Josh zog überrascht die Augenbrauen hoch. Er war dieser formidablen Dame zwar nie begegnet, hatte aber eine Menge über sie gehört. Und nicht alles war positiv gewesen. Eher das Gegenteil. „Ich kann mir nicht vorstellen, dass Mr. Richards ihr die Vormundschaft in seinem Testament übertragen hat“, sagte er daher.

„Hat er auch nicht“, erwiderte seine Tante. „Er hat, als David einundzwanzig geworden ist, das Testament dahingehend geändert, dass dieser die Vormundschaft für Alicia bekommt und Edward die für Beatrix. Davor waren sein Bruder, Edwards Vater, und dessen Frau für die Vormundschaft vorgesehen.“ Rachel wusste dies sehr genau, hatte sie doch neben dem Notar das jeweilige Testament bezeugt.

„Er hat die Vormundschaft für die Zwillinge aufgeteilt?“ Auch das überraschte Josh.

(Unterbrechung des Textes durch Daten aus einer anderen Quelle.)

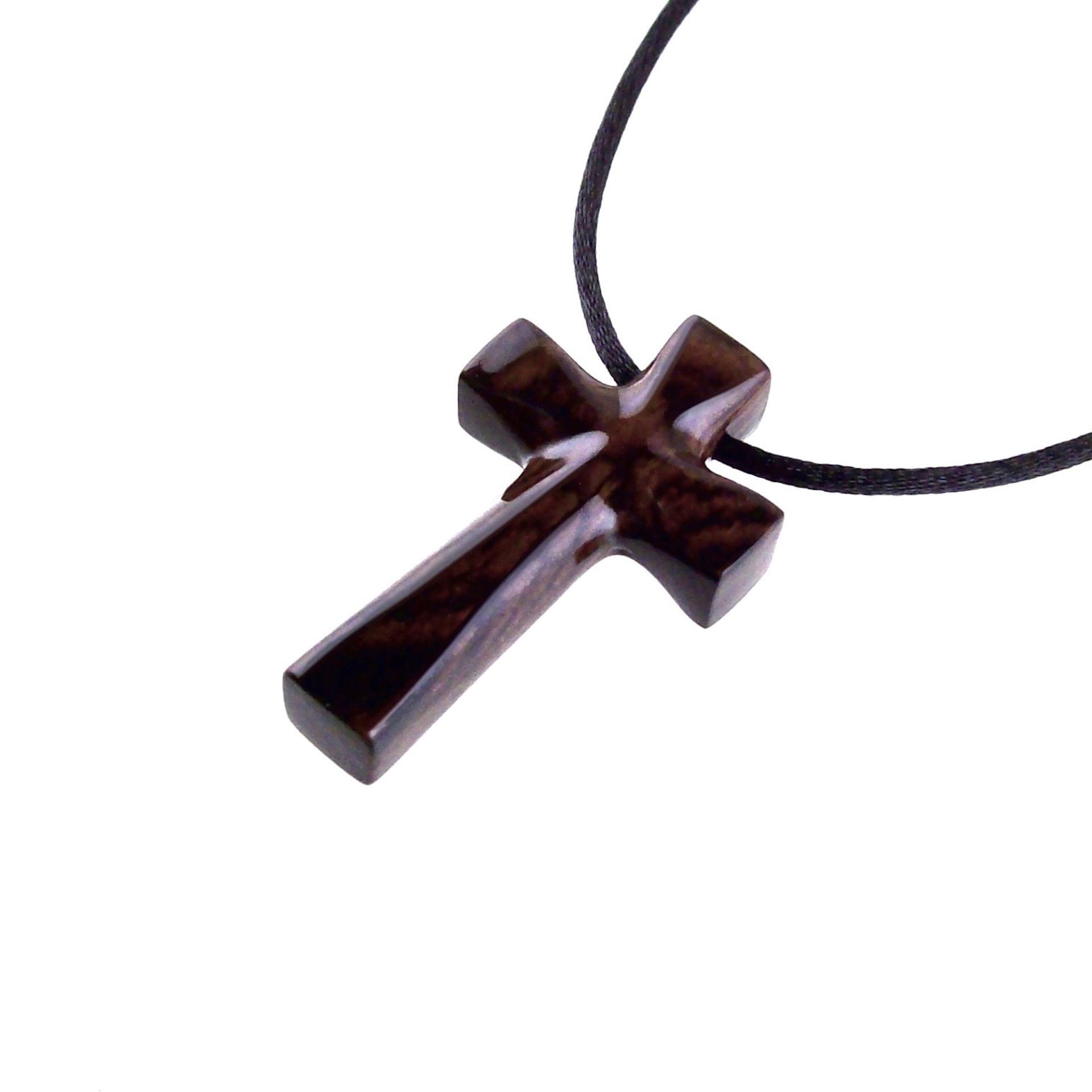 Wooden Cross Necklace, Wood Cross Pendant, Hand Carved Christian Jewelry for Men, One of a Kind Gift for Him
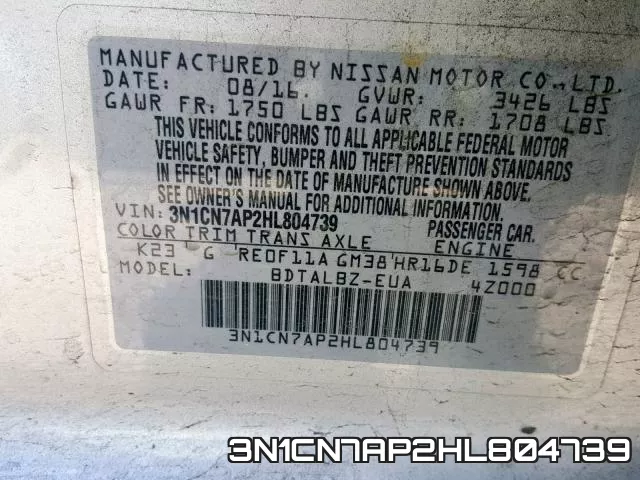 3N1CN7AP2HL804739 фото 2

„Nun ja, er wusste von seiner Nichte Stephanie, wie schwierig Mädchen in der Pubertät sein können, und sollte ihm etwas zustoßen, würde es David nicht nur doppelt so hart treffen insofern als es Zwillinge sind, sondern auch, weil seine Schwestern ebenfalls trauern würden. Allerdings jede auf ihre Art. Furchtbar kompliziert. Zumindest hat Charles es so beschrieben. Stephanie hat ihm schon gereicht und da war er nur der Onkel, sie nur ein einzelnes Mädchen und es gab keinen Trauerfall. Jedenfalls war er der Ansicht, dass sein Sohn im Fall der Fälle Unterstützung brauchen würde. Und bei Edward wusste er, dass dieser zur Not genau das tun würde, was David nicht fertigbrächte – Humor vor den Ernst stellen, wo es angebracht ist, aber gegebenenfalls auch mit Befehlsstimme die Mädchen herumkommandieren, damit sie gewisse Grenzen nicht überschreiten. Und als Offizier gehört letzteres mit zum Job. Nicht immer und nur dort, wo es notwendig ist, aber ja… Vor allem aber wusste Charles, dass Edward nichts tun oder für Beatrix entscheiden würde, was nicht zuvor mit David abgestimmt worden ist und dessen volle Zustimmung hat.“

Josh dachte eine Weile darüber nach und fand, dass es so gesehen ein recht kluger Schachzug gewesen war. „Aber wenn das alles doch geklärt ist, wieso befürchten die Zwillinge dann, zu ihrer Tante Catherine abgeschoben zu werden?“

„Weil Catherine Dempsey derzeit auf Covendale weilt und kaum eine Stunde eines jeden Tages verstreichen lässt, wo sie nicht wahlweise auf David oder auf Edward einzuwirken versucht, um sie davon zu überzeugen, dass die Mädchen bei ihr doch viel besser aufgehoben seien.“ Tante Rachel starrte grimmig auf die Straße vor ihr. Sie mochte die arrogante Witwe nicht, die sie stets von oben herab behandelte.

„Na wunderbar…“, murmelte Josh. Nicht nur, dass er würde aufpassen müssen, nicht jemanden mit einem unbedachten Wort auf die Zehenspitzen zu treten, obendrein würde er wohl auch noch von Catherine Dempsey als ein Eindringling angesehen werden. Und seiner Tante Rachel zuliebe, würde er auch kaum Widerworte geben können. Fast bereute er schon seine Entscheidung, nicht nach Sri Lanka geflogen zu sein.